On the Thread Pool Design:

Instead of creating a new thread per job (which would create thousands of threads under load and crash the JVM), I implemented a ThreadPoolTaskExecutor with 5 core threads, 20 maximum, and a 500-job queue. When the queue fills, CallerRunsPolicy kicks in — the HTTP request thread processes the job itself, which naturally slows inbound submissions. This is backpressure: the system communicates its saturation by slowing down the inbound flow.

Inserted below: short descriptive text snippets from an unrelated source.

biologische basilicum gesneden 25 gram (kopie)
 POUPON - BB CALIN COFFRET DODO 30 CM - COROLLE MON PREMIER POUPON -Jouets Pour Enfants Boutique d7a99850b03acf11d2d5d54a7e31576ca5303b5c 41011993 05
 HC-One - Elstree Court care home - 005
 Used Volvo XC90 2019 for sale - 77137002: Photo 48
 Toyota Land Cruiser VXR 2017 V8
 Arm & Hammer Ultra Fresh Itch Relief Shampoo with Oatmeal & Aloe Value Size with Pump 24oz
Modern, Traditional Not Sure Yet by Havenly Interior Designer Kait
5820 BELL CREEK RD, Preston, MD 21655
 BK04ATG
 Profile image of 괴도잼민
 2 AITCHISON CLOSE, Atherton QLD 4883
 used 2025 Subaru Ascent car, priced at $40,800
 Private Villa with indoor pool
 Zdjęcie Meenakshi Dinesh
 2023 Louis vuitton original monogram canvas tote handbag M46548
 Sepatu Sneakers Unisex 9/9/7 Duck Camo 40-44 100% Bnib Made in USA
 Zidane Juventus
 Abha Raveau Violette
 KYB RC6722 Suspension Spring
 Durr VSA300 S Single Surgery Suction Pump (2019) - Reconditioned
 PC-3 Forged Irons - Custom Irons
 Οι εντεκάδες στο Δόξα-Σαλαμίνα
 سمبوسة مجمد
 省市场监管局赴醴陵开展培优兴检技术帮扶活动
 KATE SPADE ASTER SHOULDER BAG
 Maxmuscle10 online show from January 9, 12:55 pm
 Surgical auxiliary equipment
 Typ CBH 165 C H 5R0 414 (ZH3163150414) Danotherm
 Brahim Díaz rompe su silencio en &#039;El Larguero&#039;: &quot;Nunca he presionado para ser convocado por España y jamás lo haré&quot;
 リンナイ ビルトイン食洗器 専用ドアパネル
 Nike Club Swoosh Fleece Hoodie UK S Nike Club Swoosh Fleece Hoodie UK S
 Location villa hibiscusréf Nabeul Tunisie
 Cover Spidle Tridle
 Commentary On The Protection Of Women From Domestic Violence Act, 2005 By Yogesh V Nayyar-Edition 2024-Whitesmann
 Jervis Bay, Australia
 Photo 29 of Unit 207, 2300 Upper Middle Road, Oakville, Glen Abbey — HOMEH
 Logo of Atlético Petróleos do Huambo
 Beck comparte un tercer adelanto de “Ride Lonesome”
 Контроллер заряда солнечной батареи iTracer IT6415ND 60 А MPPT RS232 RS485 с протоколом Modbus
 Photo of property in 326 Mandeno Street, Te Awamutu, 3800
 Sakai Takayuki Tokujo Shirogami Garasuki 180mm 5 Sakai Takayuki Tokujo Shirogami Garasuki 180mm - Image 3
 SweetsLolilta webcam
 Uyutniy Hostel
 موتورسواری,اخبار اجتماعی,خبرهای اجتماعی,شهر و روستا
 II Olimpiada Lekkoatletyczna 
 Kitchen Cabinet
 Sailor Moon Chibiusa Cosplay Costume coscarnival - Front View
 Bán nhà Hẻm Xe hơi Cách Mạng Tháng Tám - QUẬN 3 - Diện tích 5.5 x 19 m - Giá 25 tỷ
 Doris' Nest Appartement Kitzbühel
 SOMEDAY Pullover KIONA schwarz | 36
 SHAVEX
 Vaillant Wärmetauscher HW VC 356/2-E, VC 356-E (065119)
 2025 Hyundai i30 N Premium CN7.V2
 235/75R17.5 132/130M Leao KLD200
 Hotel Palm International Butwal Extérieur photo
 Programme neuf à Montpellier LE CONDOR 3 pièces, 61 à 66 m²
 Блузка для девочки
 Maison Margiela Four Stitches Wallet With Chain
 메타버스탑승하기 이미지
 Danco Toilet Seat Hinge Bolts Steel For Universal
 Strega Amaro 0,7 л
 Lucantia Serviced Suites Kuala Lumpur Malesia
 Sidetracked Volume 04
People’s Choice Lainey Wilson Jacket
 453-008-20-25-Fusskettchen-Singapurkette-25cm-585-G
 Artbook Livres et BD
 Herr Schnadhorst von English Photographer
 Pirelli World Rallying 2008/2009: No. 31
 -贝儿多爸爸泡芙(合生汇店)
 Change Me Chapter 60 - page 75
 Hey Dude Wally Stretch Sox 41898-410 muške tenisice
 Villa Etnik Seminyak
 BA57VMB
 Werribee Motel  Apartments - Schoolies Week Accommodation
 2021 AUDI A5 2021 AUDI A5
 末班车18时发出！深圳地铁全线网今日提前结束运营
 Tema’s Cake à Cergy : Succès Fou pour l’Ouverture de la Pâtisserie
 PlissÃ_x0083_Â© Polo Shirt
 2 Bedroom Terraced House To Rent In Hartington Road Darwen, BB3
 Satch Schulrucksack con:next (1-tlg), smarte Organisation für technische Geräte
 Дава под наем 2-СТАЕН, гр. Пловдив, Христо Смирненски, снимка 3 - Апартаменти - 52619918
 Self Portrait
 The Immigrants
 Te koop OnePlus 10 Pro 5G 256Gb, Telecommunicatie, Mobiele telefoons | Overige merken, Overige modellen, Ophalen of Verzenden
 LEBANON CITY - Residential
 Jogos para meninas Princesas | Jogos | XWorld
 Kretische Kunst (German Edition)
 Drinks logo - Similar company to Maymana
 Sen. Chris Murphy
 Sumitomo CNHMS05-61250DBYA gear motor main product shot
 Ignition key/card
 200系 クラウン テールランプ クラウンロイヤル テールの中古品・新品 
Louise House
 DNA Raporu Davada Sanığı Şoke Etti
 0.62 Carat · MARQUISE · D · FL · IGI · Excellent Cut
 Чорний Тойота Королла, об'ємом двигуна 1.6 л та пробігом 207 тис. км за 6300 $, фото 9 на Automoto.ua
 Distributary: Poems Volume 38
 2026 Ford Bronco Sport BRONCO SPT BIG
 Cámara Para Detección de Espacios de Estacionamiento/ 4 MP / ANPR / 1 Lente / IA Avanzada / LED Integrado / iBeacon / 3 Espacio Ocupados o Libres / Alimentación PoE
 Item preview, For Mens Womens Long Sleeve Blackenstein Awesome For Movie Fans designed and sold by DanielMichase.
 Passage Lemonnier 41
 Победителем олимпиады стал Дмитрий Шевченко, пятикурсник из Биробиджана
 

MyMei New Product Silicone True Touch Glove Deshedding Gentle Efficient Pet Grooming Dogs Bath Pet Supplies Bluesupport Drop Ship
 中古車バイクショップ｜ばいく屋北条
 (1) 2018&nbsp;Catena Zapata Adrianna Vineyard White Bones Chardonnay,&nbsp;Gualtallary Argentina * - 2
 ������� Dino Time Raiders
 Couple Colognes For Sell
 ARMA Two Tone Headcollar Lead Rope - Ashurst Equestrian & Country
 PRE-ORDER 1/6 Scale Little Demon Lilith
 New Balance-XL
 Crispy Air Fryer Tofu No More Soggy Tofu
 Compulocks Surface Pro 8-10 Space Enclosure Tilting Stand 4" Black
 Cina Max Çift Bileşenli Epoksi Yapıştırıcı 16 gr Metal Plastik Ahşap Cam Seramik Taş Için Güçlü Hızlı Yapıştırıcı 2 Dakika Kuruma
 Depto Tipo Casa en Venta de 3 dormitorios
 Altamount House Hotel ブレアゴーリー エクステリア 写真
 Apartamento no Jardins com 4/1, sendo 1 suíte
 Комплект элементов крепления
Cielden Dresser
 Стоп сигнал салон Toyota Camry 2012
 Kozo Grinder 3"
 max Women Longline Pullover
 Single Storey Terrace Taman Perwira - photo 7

On Preventing Race Conditions:

Our architecture guarantees that only one worker thread ever processes a single job. The job queue acts as a distribution mechanism — once a job ID is dequeued, no other thread can claim it. Additionally, all database mutations go through @Transactional boundaries, ensuring atomicity even if the JVM crashes mid-operation.

On the Strategy Pattern:

The Strategy Pattern lets us support multiple data formats without ever modifying the processing pipeline. Adding Parquet support tomorrow means implementing one interface and registering it — zero changes to the existing code. This is the Open/Closed Principle in action.

On Data Governance:

Every state transition is persisted to the job_logs table with a timestamp, stage name, and record count. This creates a queryable lineage trail. If a job from 6 months ago processed incorrectly, we can replay its exact log to understand what validation rules failed and why. In regulated industries — finance, healthcare — this kind of audit trail is legally required.

---

Project Structure

dataflow-engine/
├── pom.xml
├── src/
│   ├── main/
│   │   ├── java/com/dataflow/engine/
│   │   │   ├── DataFlowEngineApplication.java
│   │   │   ├── config/
│   │   │   │   └── AsyncConfig.java
│   │   │   ├── controller/
│   │   │   │   ├── JobController.java
│   │   │   │   └── MetricsController.java
│   │   │   ├── dto/
│   │   │   ├── exception/
│   │   │   ├── model/
│   │   │   │   ├── IngestionJob.java
│   │   │   │   ├── JobLog.java
│   │   │   │   ├── JobStatus.java
│   │   │   │   └── DataType.java
│   │   │   ├── observer/
│   │   │   │   ├── JobEventListener.java
│   │   │   │   ├── JobEventPublisher.java
│   │   │   │   ├── JobCompletionLogger.java
│   │   │   │   └── JobNotificationObserver.java
│   │   │   ├── repository/
│   │   │   │   ├── IngestionJobRepository.java
│   │   │   │   └── JobLogRepository.java
│   │   │   ├── scheduler/
│   │   │   │   └── JobCleanupScheduler.java
│   │   │   └── service/
│   │   │       ├── JobService.java
│   │   │       ├── JobProcessingService.java
│   │   │       ├── MetricsService.java
│   │   │       ├── RateLimiterService.java
│   │   │       └── strategy/
│   │   │           ├── IngestionStrategy.java
│   │   │           ├── CsvParserStrategy.java
│   │   │           ├── JsonParserStrategy.java
│   │   │           └── IngestionStrategyFactory.java
│   │   └── resources/
│   │       └── application.properties
│   └── test/
│       └── java/com/dataflow/engine/
│           └── CsvParserStrategyTest.java
└── logs/
    └── dataflow-engine.log

---

Configuration Reference

Property	Default	Description
server.port	8080	HTTP port
dataflow.async.core-pool-size	5	Always-alive worker threads
dataflow.async.max-pool-size	20	Max threads under burst
dataflow.async.queue-capacity	500	Max queued jobs before backpressure
dataflow.rate-limit.max-requests-per-minute	100	Rate limit per client
spring.jpa.hibernate.ddl-auto	update	Schema management (use validate in prod)

---

Built With

• Java 17 — Records, text blocks, switch expressions
• Spring Boot 3.2.5 — Web, Data JPA, Validation, Actuator, Scheduling
• MySQL 8.0 — Relational data store with indexed queries
• HikariCP — High-performance JDBC connection pool
• OpenCSV — RFC 4180 compliant CSV parsing
• Jackson — JSON serialization/deserialization
• Lombok — Boilerplate elimination
• JUnit 5 + AssertJ — Unit testing

---

Built to demonstrate production-grade backend architecture principles: async processing, concurrency safety, data governance, and operational observability.